Robin's Adventures

Costa Rica, Machu Picchu, and the Galapagos Islands
A Triple Adventure

City Tour

Our city tour of Lima brought us to many interesting buildings, such as the Congressional Palace, the Museum of the Inquisition, and the Archbishop's Palace with its hand carved wooden balconies .


We visited the Cathedral of Lima which was originally built in 1564. It was designed by Francisco Pizarro who was also responsible for conquering the Incas and founding the city of Lima. His tomb was in the cathedral. We were also intrigued by the statue of Saint Martin which is holding a broom. Our next stop was the San Francisco Monastery where we saw some amazing catacombs filled with human remains.

Earthquake Shelter

We stopped for a cold drink at a small cafe that also turned out to be a local earthquake shelter. Steve had to try the local drink, Inca Kola. We made a brief stop in Love Park to see the lovely ocean view and the famous kissing statue that is so iconic in Lima.

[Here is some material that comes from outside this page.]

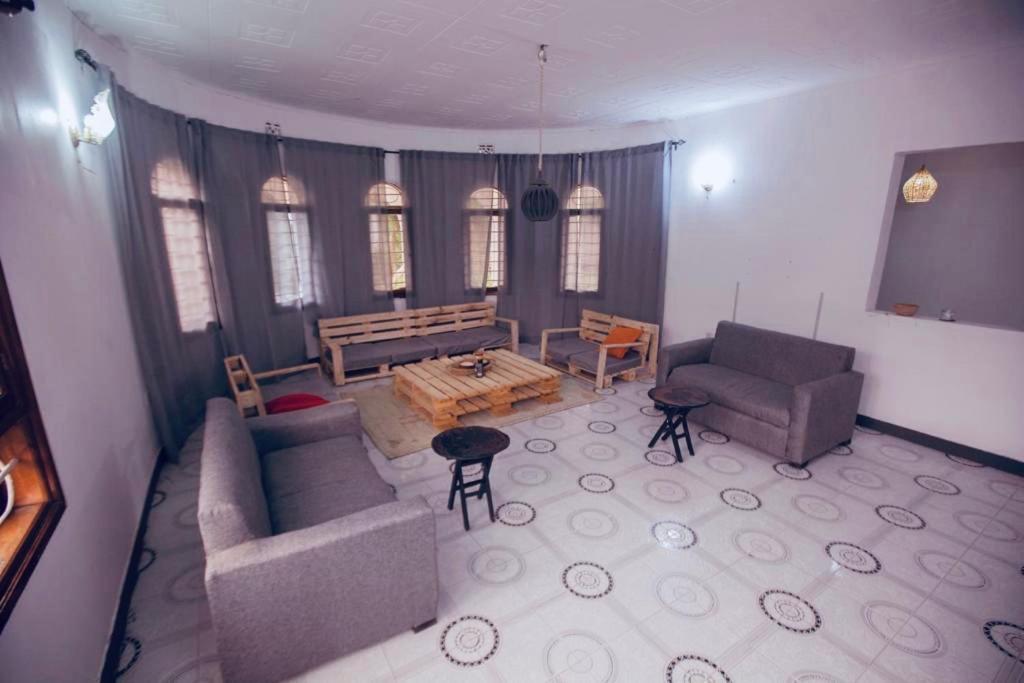 Safari Adventures-House Bed & Breakfast Arusha Exterior photo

On the way to the airport, we noticed a dog wandering on the roof of a tall building. Wonder how it got there?

Next Stop: Cusco, Peru

Cusco is a large sprawling city located in the Andes Mountains at an elevation of nearly 11,000 feet. Historically, it was the capital of the Inca Empire and there are many excavated ruins here to visit.

Ruins at Sacsayhuamán

Sacsayhuamán is believed to have been a fortress designed to protect the city and its inhabitants. The engineering of these buildings is amazing. Large stones were cut into interlocking shapes so tightly fit that not even a piece of paper will fit into any spaces between them. No mortar was used to hold up the stones. These stone walls are so well engineered, that they have withstood many earthquakes that have left more modern buildings in the area severely damaged.

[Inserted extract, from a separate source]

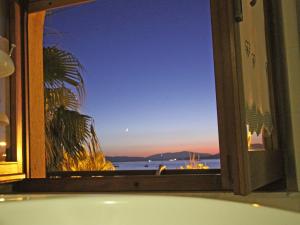 アルゲーロにあるElitonのバスタブから海の景色を望む窓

Tambomachay is thought to be a ritual bathing site or a center for the worship of water.


We had a wonderful visit to a llama farm. These animals were very friendly and curious creatures. We were amazed by how many variations there were in color and texture of their fur.

Llama: Wool to Yarn to Fabric

Our visit to the llama farm was very enlightening. We learned how the wool was spun into yarn, how the yarn was dyed with various natural ingredients, and how the yarn was woven into fabric.

Local Color

Stopped at a local market. The most interesting thing there was the indigenous people in their native Quechua clothing. We also enjoyed a brief visit with a scarlet macaw.


This was an Inca fortress that protected the town and the estate of the royal Emperor Pachacuti. Many of the ruins are built into the side of the mountains.